# ai overprint + pantone -> druckfertige cmyk pdf ohne overprint



## robzhh (25. Juni 2009)

Hallo,

habe vom Grafiker eine fertige ai Datei bekommen für Briefpapier. Diese besitzt einen Überdruck sowie definierte Pantone Farben.
Um Druckkosten zu sparen, möchte ich daraus eine PDF für den Druckdienstleister erstellen, die ausschließlich CMYK Farben besitzt und in der der Überdruck bereits simuliert wurde. Leider habe ich nur wenig Ahnung von Illustrator und komme überhaupt nicht weiter.
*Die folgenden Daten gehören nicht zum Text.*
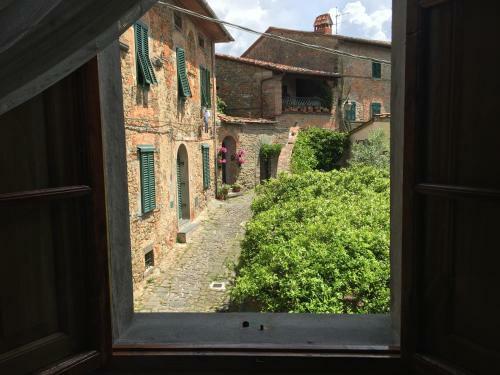 Bed & Breakfast Antica Casa "le Rondini"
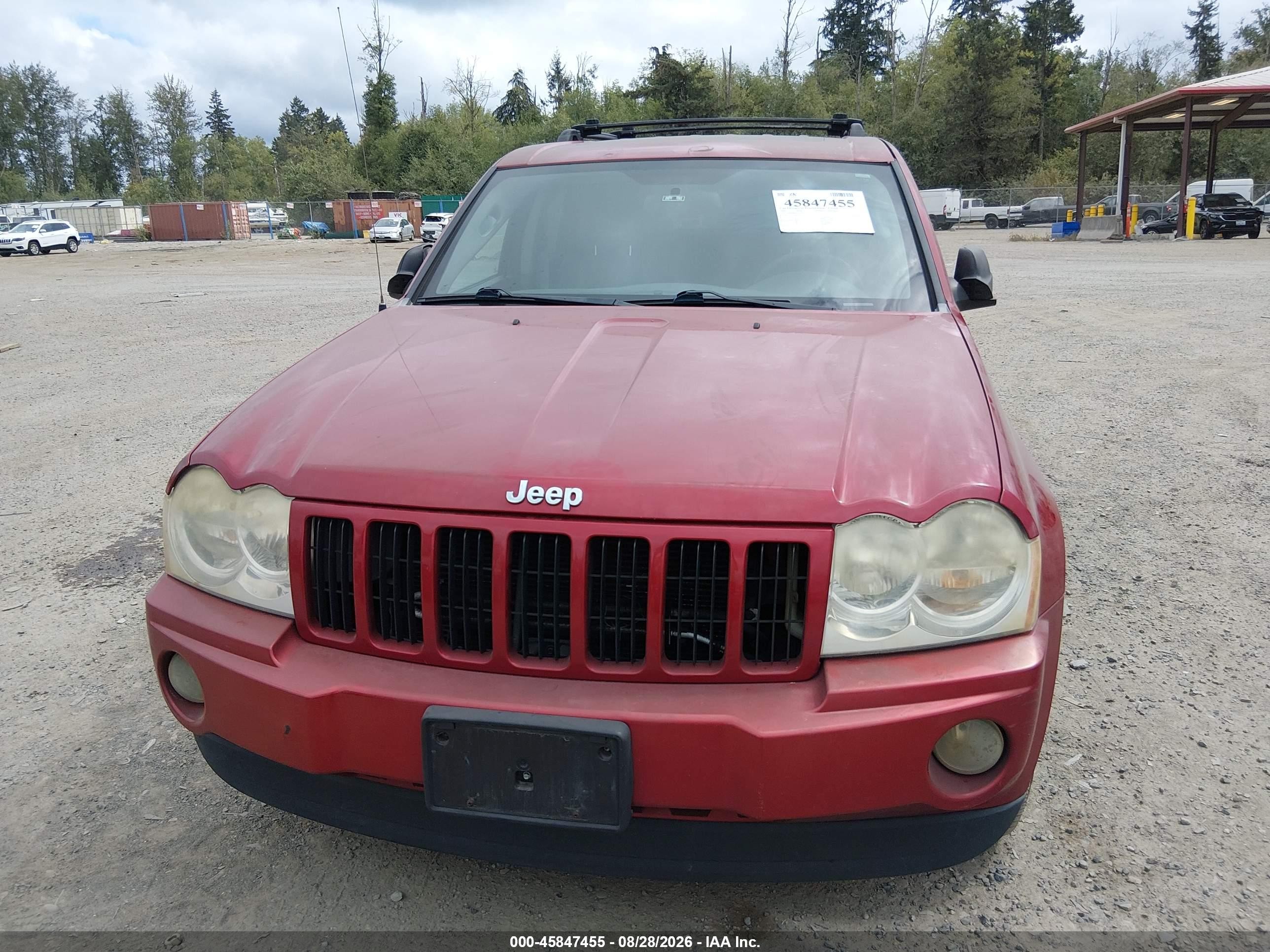 2005 Jeep Grand Cherokee Laredo Burgundy vin: 1J4GR48K85C504216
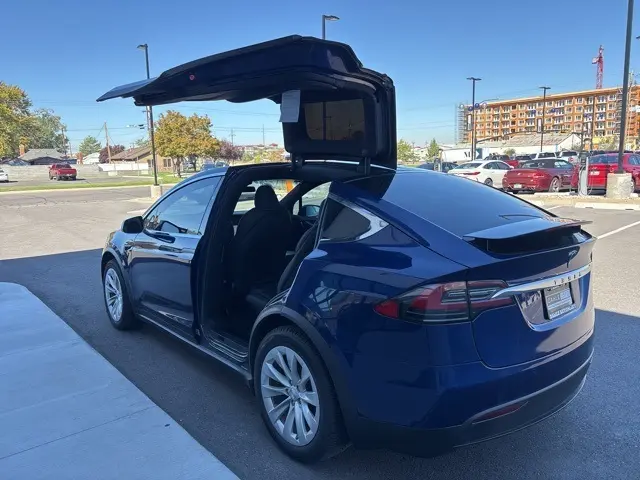 2020 Tesla Model X Long Range photo 17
Würde mich über eine Antwort freuen.

Gruß

robz


----------



## ink (25. Juni 2009)

Moin
Entweder änderst du die Farben manuell, nutzt die "Neu färben"-Funktion oder änderst (was ich grad nicht prüfen kann) einfach das Farbprofil.
Das Thema "Überdrucken" sollte beim Druck keine zusätzlichen Kosten verursachen.
Die *.pdf kannst du über "Speichern unter" auswählen.

mfg


----------



## Jan-Frederik Stieler (26. Juni 2009)

Hi,
und falls du nicht weißt wo du das Überdrucken einstellst gehst du in die "Grafikatributepalette".
Für Schwarz gibt es dann noch den Schwarz-Überdruckenfilter den du unter "Bearbeiten > Farben bearbeiten" findest. Beziehungsweise kannst du im Dialogfenster "Drucken" auch Schwarz überdrucken anwehlen dann werden alle schwarzen Objekte Überdruckt.
Aber hier mußt du aufpassen da alle Objekte die mit eienr Transparenz versehen sind funtioniert das nicht.

Gruß


----------